The data must be reproduced verbatim; images are to be omitted.

**Data block:**
☆ ☆ ☆ ☆
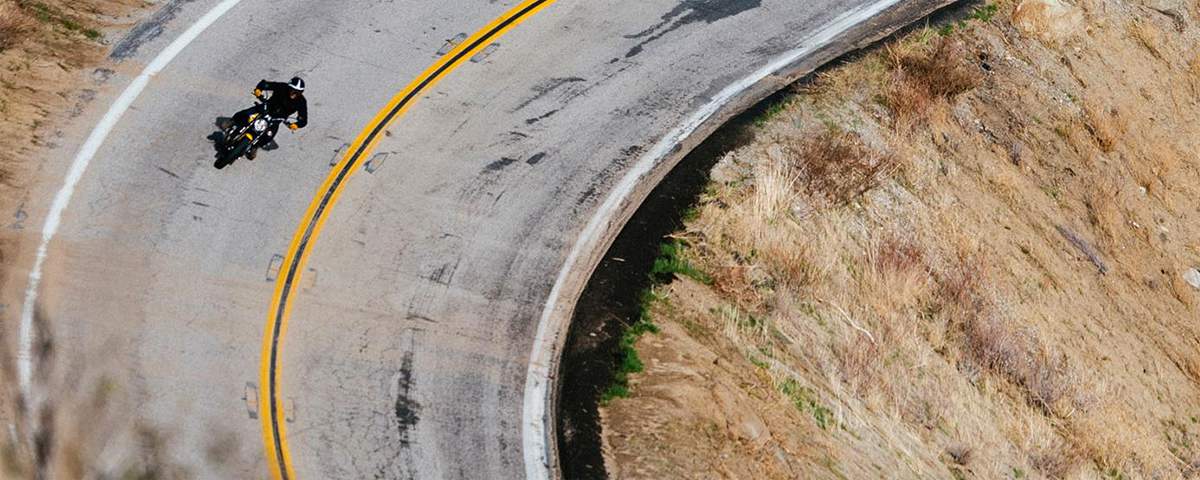 Bird's-eye view of man riding motorcycle on highway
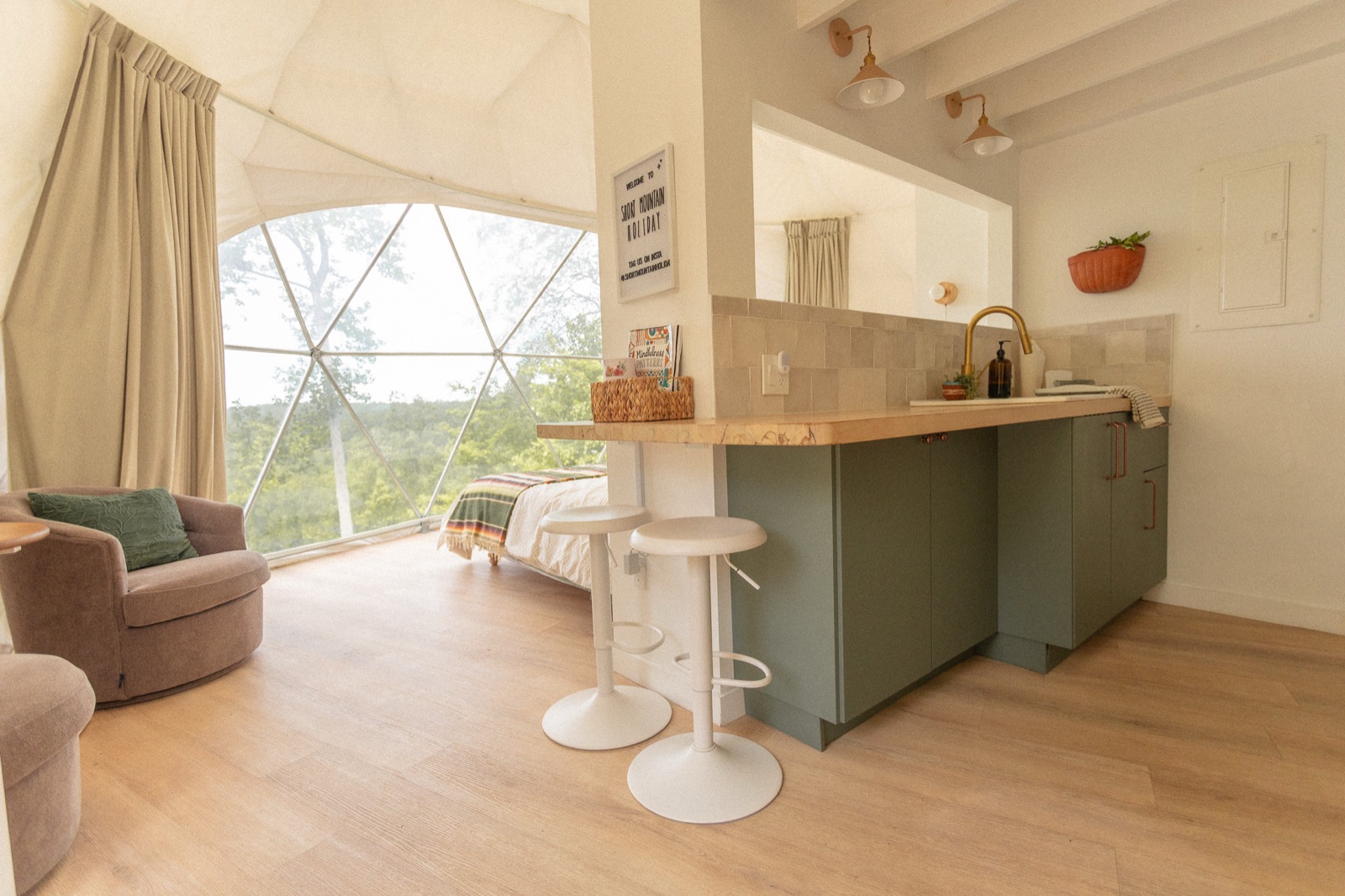 Dome interior with curved geodesic window, lounge chair, and kitchen at Short Mountain Holiday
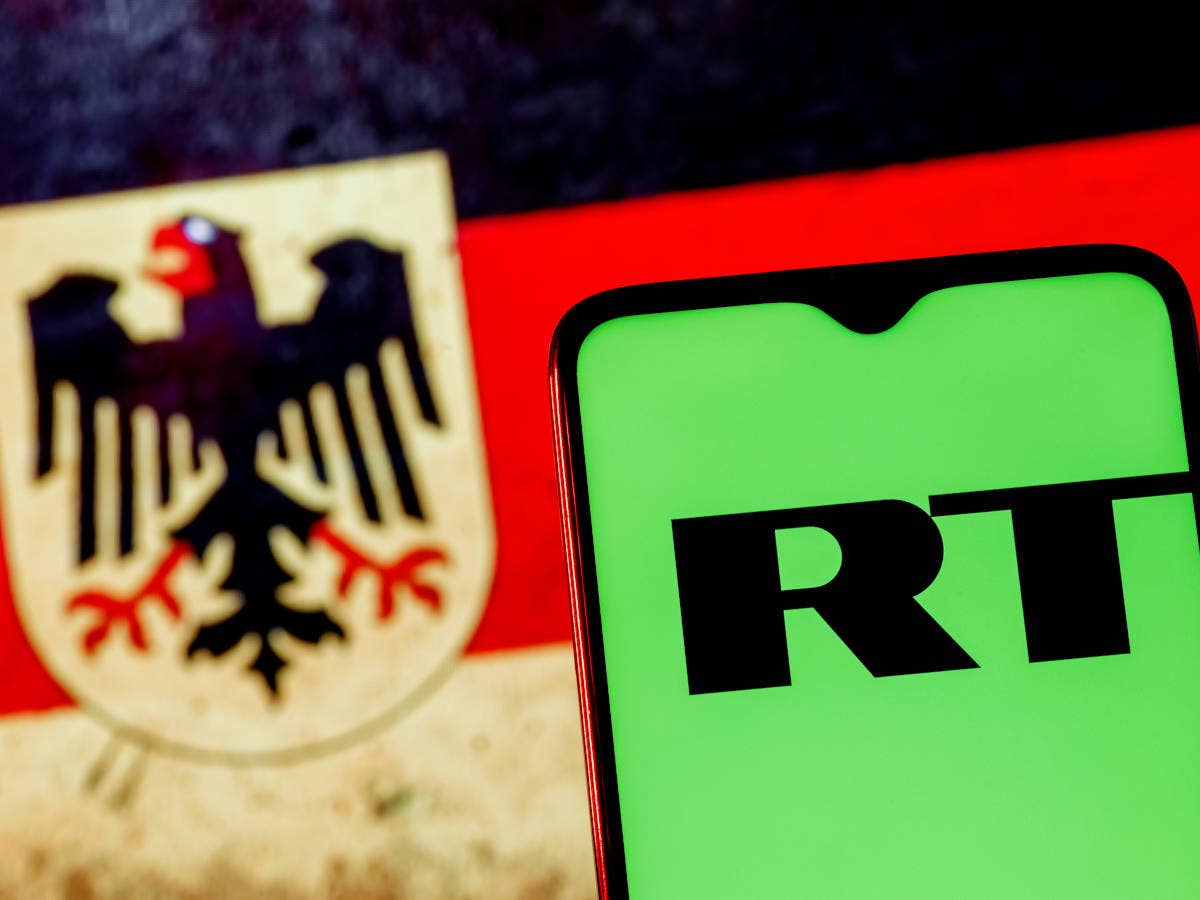Handy mit RT Logo vor deutscher Flagge.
☆ ☆ ☆ ☆
**Finished task:**
 Bird's-eye view of man riding motorcycle on highway
 Dome interior with curved geodesic window, lounge chair, and kitchen at Short Mountain Holiday
Handy mit RT Logo vor deutscher Flagge.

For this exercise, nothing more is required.